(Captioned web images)
"""

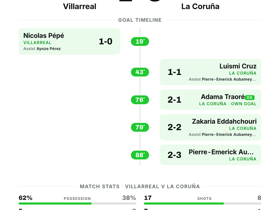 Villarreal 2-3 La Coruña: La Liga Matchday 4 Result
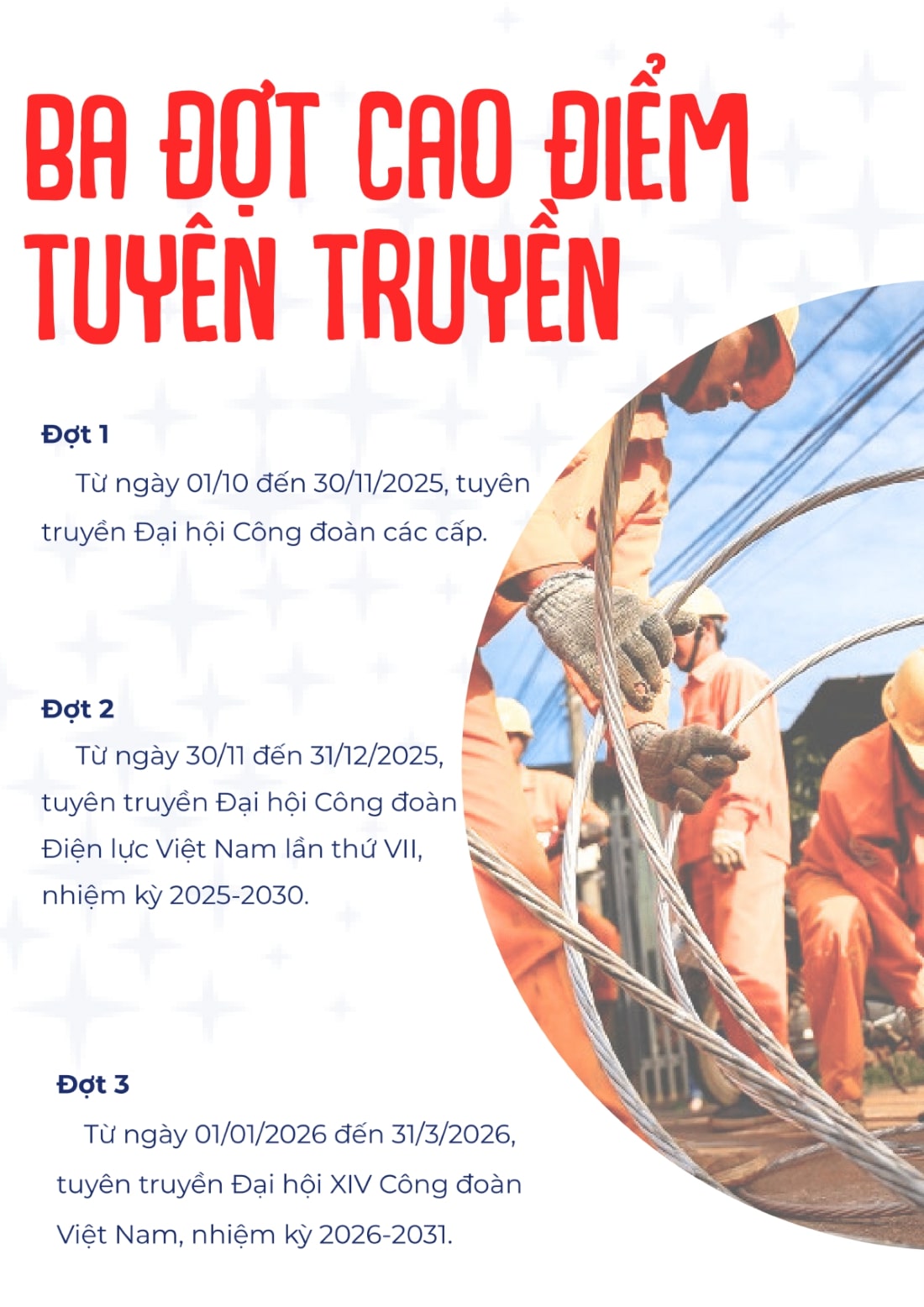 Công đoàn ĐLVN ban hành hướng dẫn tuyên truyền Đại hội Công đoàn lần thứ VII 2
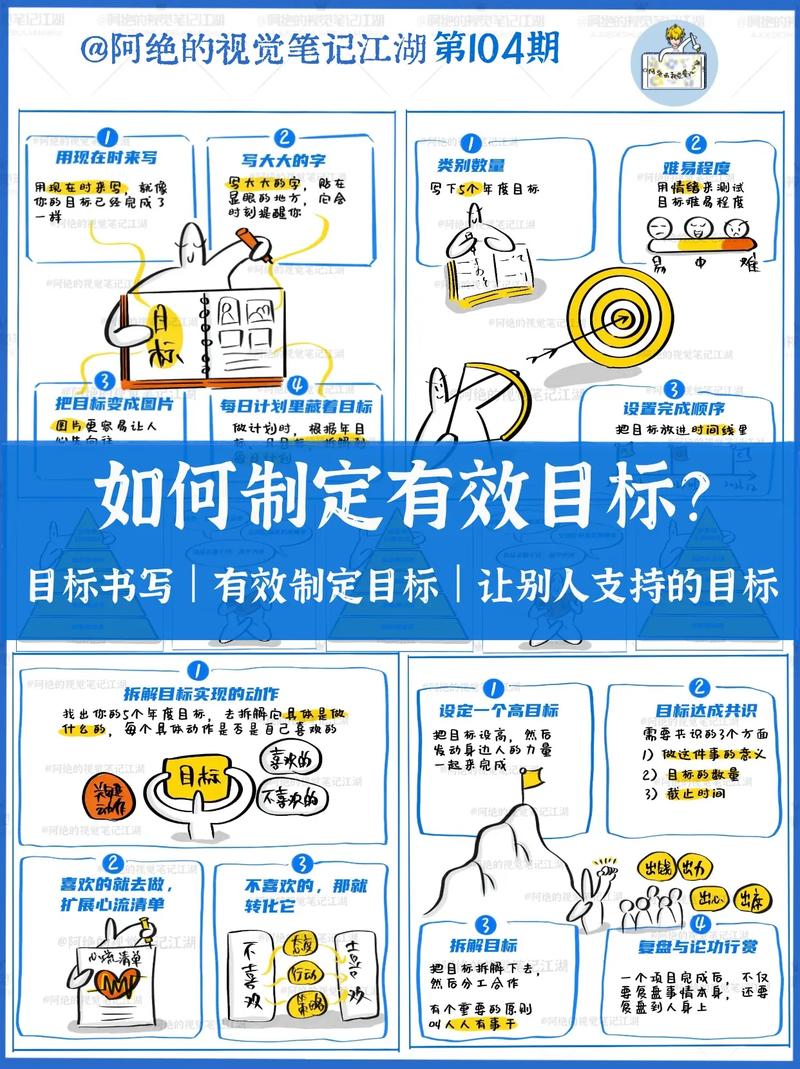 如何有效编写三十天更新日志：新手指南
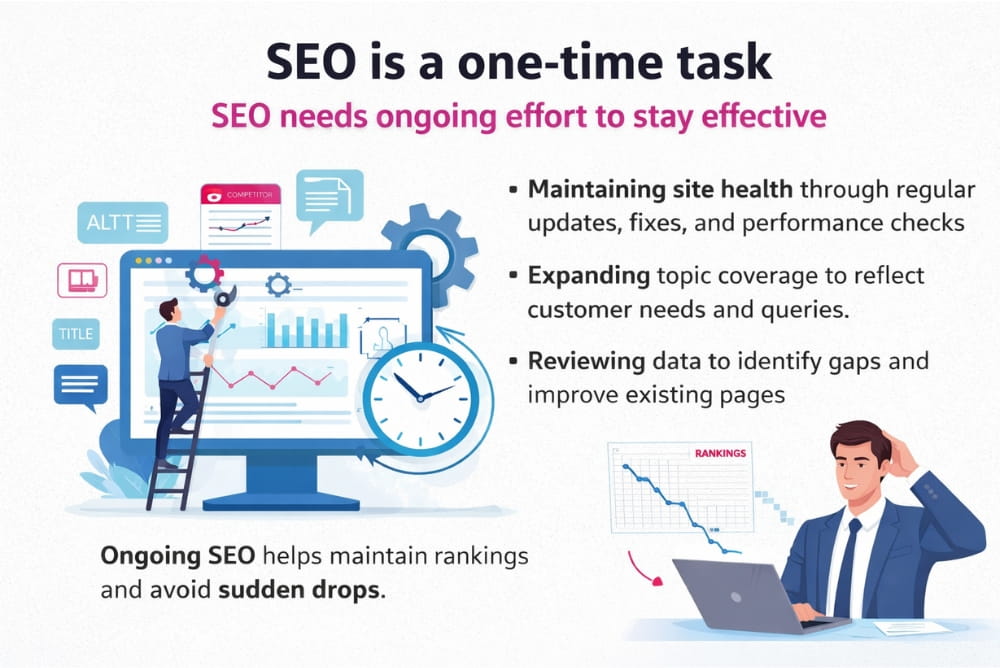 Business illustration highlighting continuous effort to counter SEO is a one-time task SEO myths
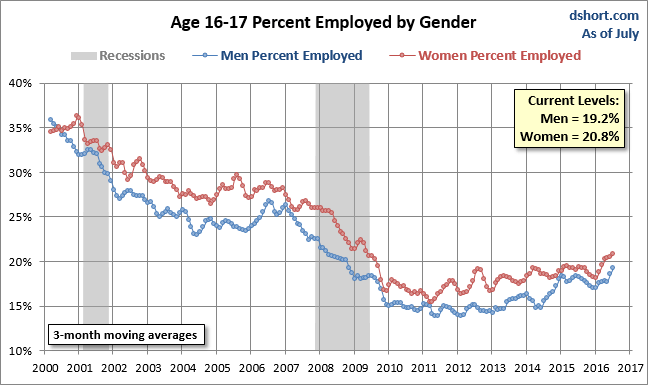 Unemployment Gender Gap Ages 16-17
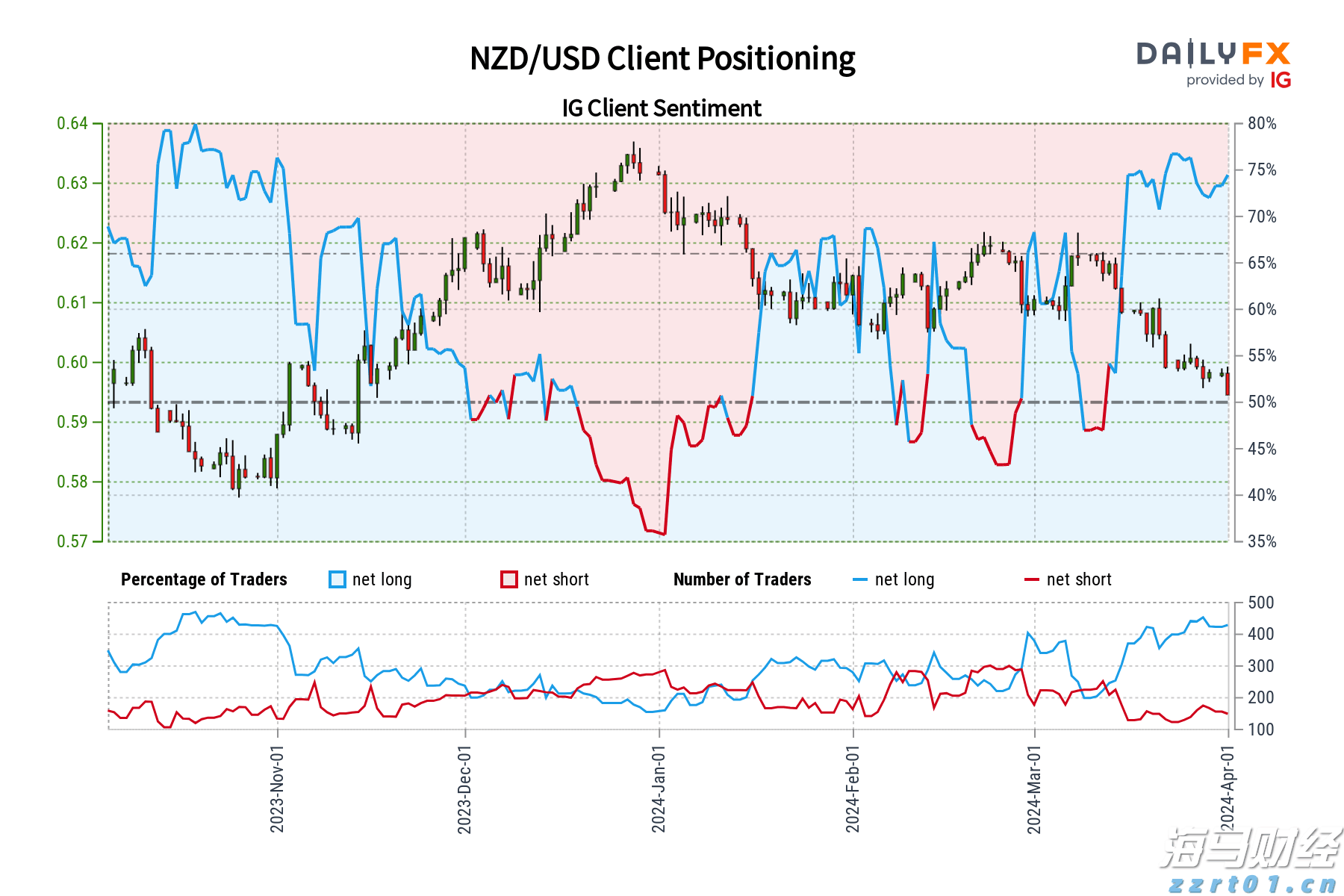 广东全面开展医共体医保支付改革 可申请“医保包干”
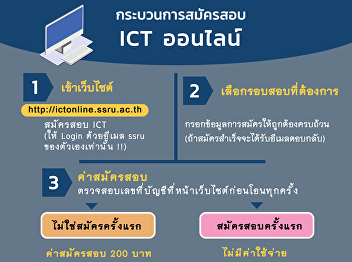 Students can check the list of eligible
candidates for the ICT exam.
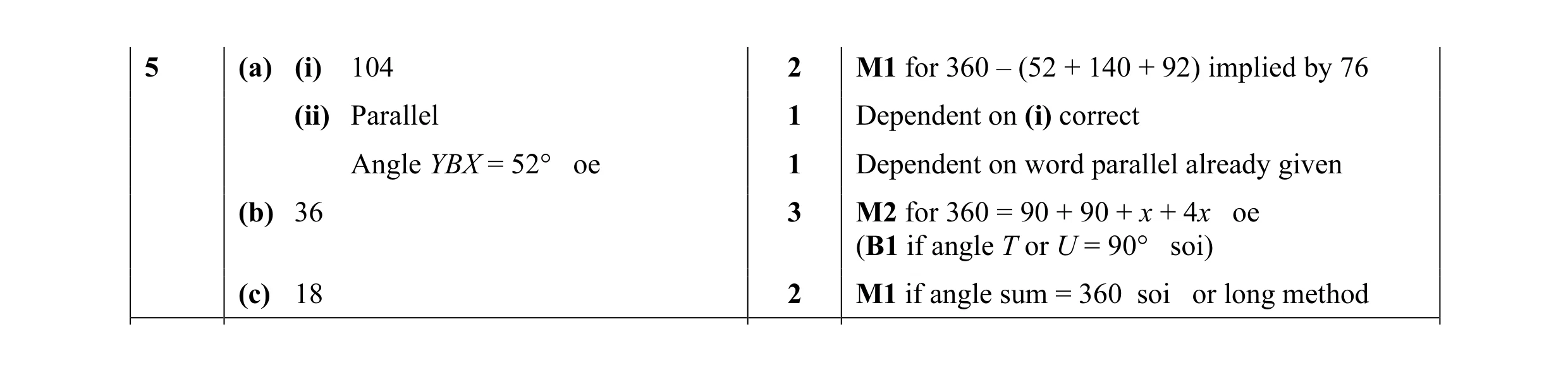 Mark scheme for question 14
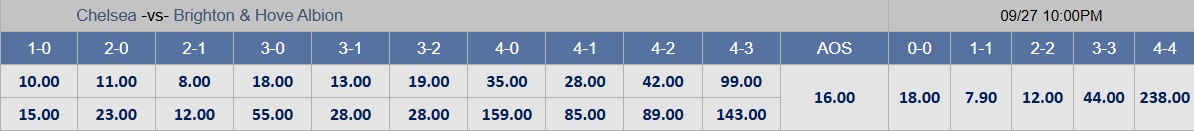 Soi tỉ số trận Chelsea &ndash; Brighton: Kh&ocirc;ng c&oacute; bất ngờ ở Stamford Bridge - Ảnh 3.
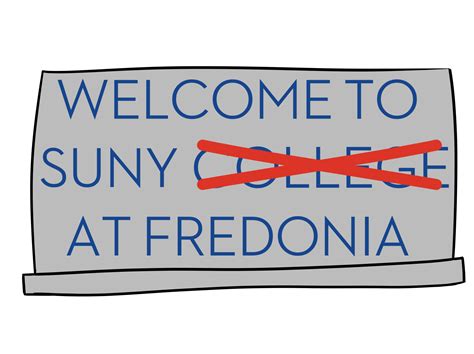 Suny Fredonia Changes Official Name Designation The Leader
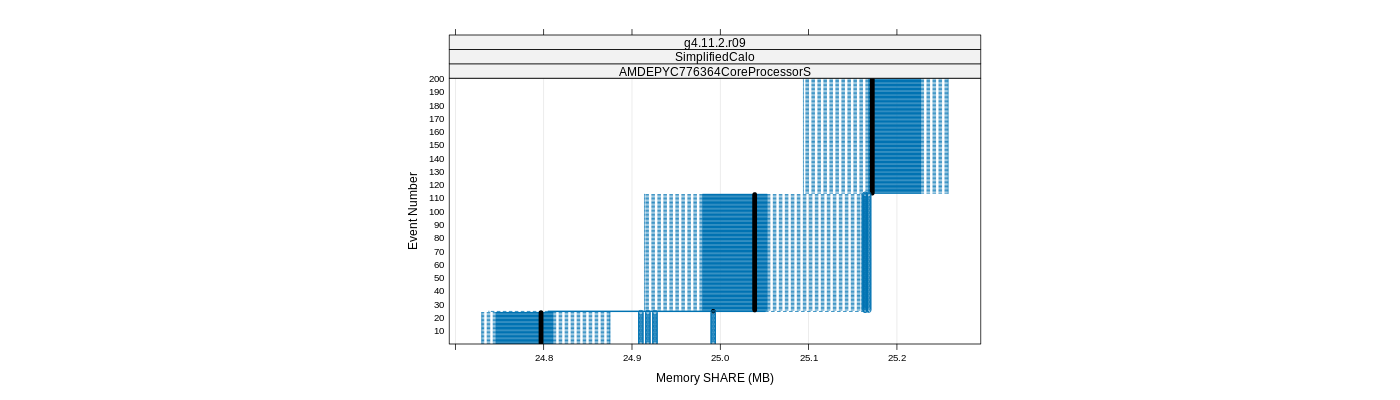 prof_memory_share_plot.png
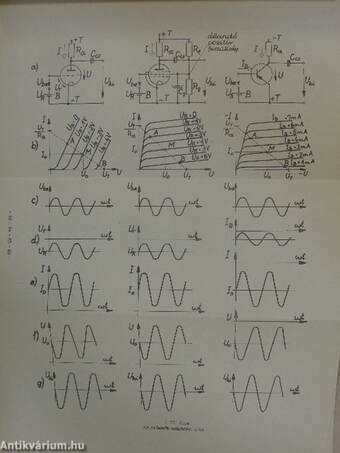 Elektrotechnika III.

"""

Only the lines from the line with "Suny Fredonia Changes" through the closing line of the data, both included, should be set down, exactly as written and without pictures.

 Suny Fredonia Changes Official Name Designation The Leader
 prof_memory_share_plot.png
 Elektrotechnika III.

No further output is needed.